◆ **DIRECTIONS**
Quote every line of the data below as it stands, omitting pictures.

◆ **RECORDED DATA**
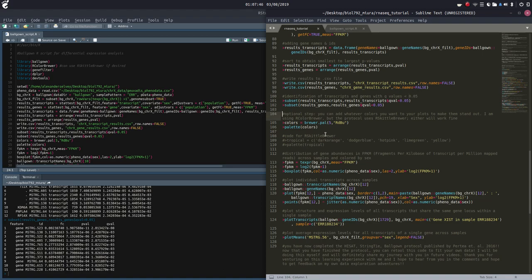So in the protocol, this is an optional step — you can add whatever colors you want to your plots to make them stand out. I'm using RColorBrewer, but the protocol uses RSkittleBrewer. Either will work fine. If you're going to use RColorBrewer like me, to install RSkittleBrewer I would have had to compile from GitHub. Since RColorBrewer was already installed, I decided to use that.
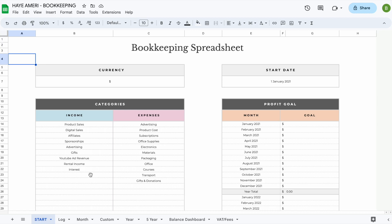Welcome to the demo video of our bookkeeping spreadsheet. It contains a total of seven tabs plus a start tab. The first tab you'll find is the start tab, where you're going to change your currency, the start date, enter your subcategories for income and expenses, and add your profit goals for each individual month.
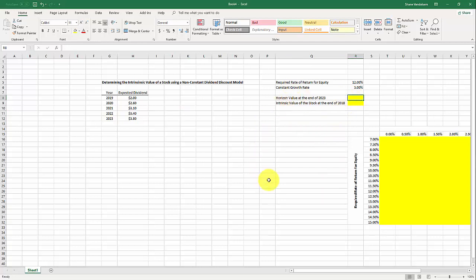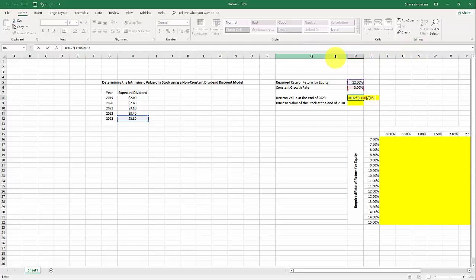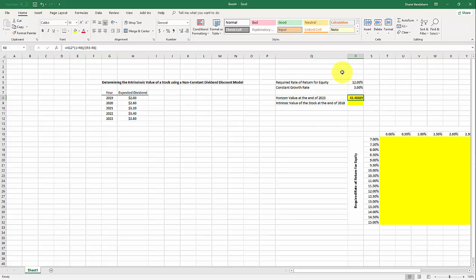We'll use the constant growth model, which says the horizon value is equal to the last dividend paid — that's $3.80 at the end of 2023 — multiplied by one plus the constant growth rate, then divided by the required rate of return for equity minus the constant growth rate. That gives us a horizon value at the end of 2023 of $43.49.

◆ **ANSWER SECTION**
So in the protocol, this is an optional step — you can add whatever colors you want to your plots to make them stand out. I'm using RColorBrewer, but the protocol uses RSkittleBrewer. Either will work fine. If you're going to use RColorBrewer like me, to install RSkittleBrewer I would have had to compile from GitHub. Since RColorBrewer was already installed, I decided to use that.
Welcome to the demo video of our bookkeeping spreadsheet. It contains a total of seven tabs plus a start tab. The first tab you'll find is the start tab, where you're going to change your currency, the start date, enter your subcategories for income and expenses, and add your profit goals for each individual month.
We'll use the constant growth model, which says the horizon value is equal to the last dividend paid — that's $3.80 at the end of 2023 — multiplied by one plus the constant growth rate, then divided by the required rate of return for equity minus the constant growth rate. That gives us a horizon value at the end of 2023 of $43.49.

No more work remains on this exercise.